Let’s start with a first-order update in time. We can use the Euler method we already saw,

\[\frac{\partial \langle a \rangle}{\partial t} \approx \frac{\langle a\rangle^{n+1} - \langle a\rangle^{n}}{\Delta t}\]

in which case our update appears as:

\[\langle a\rangle_i^{n+1} = \langle a\rangle_i^{n} - \frac{\Delta t}{\Delta x} (F_{i+1/2}^n - F_{i-1/2}^n)\]

We expect this to be first order accurate in time. Notice that the fluxes are evaluated at the old time.

Reconstruction and the Riemann problem

We need the value of the flux on the interface, \(F_{i+1/2}\), we find this using the analytic expression for the flux, \(F(a)\), as:

\[[F(a)]_{i+1/2} = F(a_{i+1/2})\]

So now we need to find the interface state, \(a_{i+1/2}\).

Getting the value of \(a\) on the interface from the average, \(\langle a \rangle\) is called reconstruction. It means we need to infer how \(a\) actually varies throughout the cell just from the information we have about its average value. There are a variety of methods we can use (some of which we will explore later). For now, we will do the simplest, and assume that \(a(x)\) is constant in each cell:

\[a_{i+1/2,L} = \langle a\rangle_i^n\]

\[a_{i+1/2,R} = \langle a\rangle_{i+1}^n\]

Notice that we actually have 2 values for the interface state when we do this, one coming from each side of the interface—we label these as the left and right states:

Now we need to resolve this degeneracy—which of the two states (or what combination of them) is the correct interface state?
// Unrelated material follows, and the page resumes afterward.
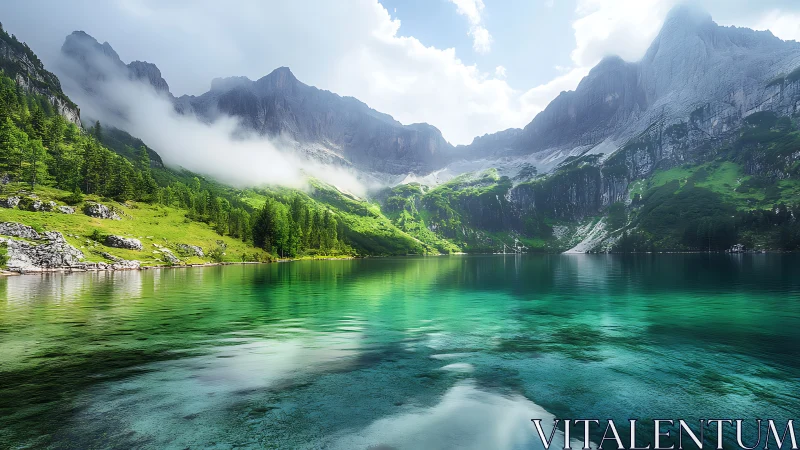 Emerald mountain lake with misty cliffs and green shoreline.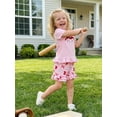 thumbnail image 5 of BemeyourBBs 2Pcs Toddler Baby Girls Summer Clothes Baseball Outfit Puff Short Sleeve Crew Neck Baseball Bow Embroidery T Shirt Tops and Elastic Waist Shorts Set, 5 of 9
This is called the Riemann problem.

Note

The Riemann problem is where the physics of the actual set of equations comes into play. Thus far, everything we’ve done has been general.

For advection, the Riemann problem is easy. We know that for \(u > 0\) that \(a(x)\) moves from left to right, so the correct state on the interface is the left state—this is upwinding.

\[\begin{split} a_{i+1/2} = \mathcal{R}(a_{i+1/2,L}, a_{i+1/2,R}) = \left \{ \begin{array}{c} a_{i+1/2,L} \quad u > 0 \\ a_{i+1/2,R} \quad u < 0 \end{array} \right . \end{split}\]

where we indicate the Riemann problem as \(\mathcal{R}(a_{i+1/2,L},a_{i+1/2,R})\).

For the advection equation, with \(u > 0\), our interface states are

\[F_{i+1/2} = F(a_{i+1/2}) = u a_{i+1/2} = u \langle a \rangle_i\]

\[F_{i-1/2} = F(a_{i-1/2}) = u a_{i-1/2} = u \langle a \rangle_{i-1}\]

Inserting these into our difference equation, we have:

\[\langle a \rangle_i^{n+1} = \langle a \rangle_i^n - \frac{u \Delta t}{\Delta x} (\langle a \rangle_i^n - \langle a \rangle_{i-1}^n)\]

This is precisely the upwind finite-difference scheme we saw earlier.